Thank you so much for your consideration. I hope to send you the manuscript and look forward to hearing back from you.


Tyler McBroom

I know you're typically not supposed to mention it as a series, but most of my big hook (i.e., that this is the story of Bolertia's end and Earth's beginning) doesn't even begin to get solved in the first book. So should I leave that part out altogether, or is the hook strong enough to show the need for a series? Any other suggestions? Help! and Thanks!

Sunday, November 9, 2008

One Big Reveal Down, One to Go

Since my post about my conclusion terror, I've disciplined myself into trying to write consistently, and learned that most of my fear was just a result of being out of practice. Once I started sitting down and writing everyday, it started to get easier and easier, and I've been pretty happy with what I've written so far in my final chapters. I don't know how many of you are registered with the NaNoWriMo website, but they send out these weekly pep talks to encourage people to stay on track with their novel for the month. This week, I received a nice little email from Philip Pullman (whoa!, I know), and I think some of his words apply to what I'm talking about here:

"The second thing you need to remember is that if you want to finish this journey you've begun, you have to keep going. One of the hardest things to do with a novel is to stop writing it for a while, do something else, fulfill this engagement or that commitment or whatever, and pick it up exactly where you left it and carry on as if nothing had happened. You will have changed; the story will have drifted off course, like a sh ip when the engines stop and there's no anchor to keep it in place; when you get back on board, you have to warm the engines up, start the great bulk of the ship moving through the water again, work out your position, check the compass bearing, steer carefully to bring it back on track ... all that energy wasted on doing something that wouldn't have been necessary at all if you'd just kept going!"

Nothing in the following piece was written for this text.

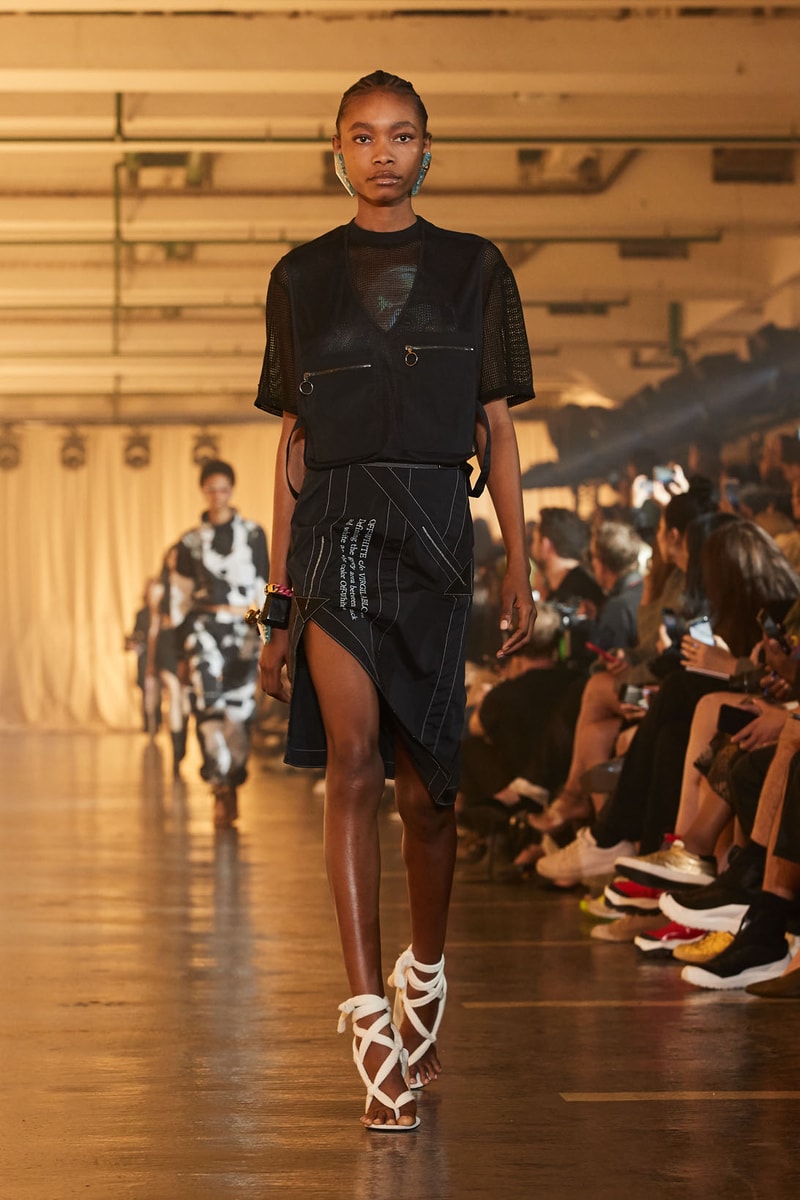 off-white spring summer 2020 virgil abloh runway paris fashion week bella gigi hadid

Great advice, I think. Keep writing; it's the number one thing you hear from people in the business, but probably the hardest thing to actually do.

I've got one of my major plot twists revealed (the smaller of the two) and have the climactic battle and the final reveal to go. I've been pretty motivated in these last few days, and now it's time to keep that ship on course and get it done! Now everyone get back to steering your own ship towards its destination!

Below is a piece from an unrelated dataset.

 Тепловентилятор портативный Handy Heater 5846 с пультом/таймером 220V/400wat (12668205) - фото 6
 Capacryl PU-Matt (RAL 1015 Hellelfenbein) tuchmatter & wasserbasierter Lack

Thursday, November 6, 2008

Conclusion Terror, familiar to anyone?

My manuscript has been at a standstill lately. Part of it, I know, is because I've started to work full time and thus haven't been able to devote the physical or the mental energy towards my novel. The other thing that's delaying me, though--and I hate myself for it because I'm always shaming other writers when they use it as an excuse--is my fear of the ending. In the past few weeks I've been wrestling with exactly how to reveal my big plot twist and make it realistic, and have come up empty. Just the other night, however, I am thrilled to say that it came to me in those tween sleep an' awake minutes; I quickly jotted it down, and proceeded to sleep much better that night.

So in the couple days since then, I've been jotting down more notes, building a complete revelation scene, and am very happy with what I've come up with. My only problem? Actually writing it. I don't know if it's because I haven't actually sat down and written fiction for a few weeks now, so my fiction muscle is all mushy and out of shape, or if my novel's ending just isn't working right.

No. I refuse to let my brain tell itself that. I know I've got a stellar ending. I've just been far too lazy lately; sleeping in until there's just enough time to shower, eat and go to work, hanging out with friends after work, reading other books (although that has been my medicine for writer's block, so I'll excuse that). I've got just under a month until Big Sur, and I NEED to get this thing done. I'm really hoping that looming deadline will get me spurred, just like that original Nanowrimo deadine did for my first draft back in November '06. This blog stuff isn't exactly HELPING with its distraction, but it is a decent place to vent and get it out so that there's nothing left in me but to write my ending. Speaking of which, time for Rigg to get back up on that mountain and fight those frost giants!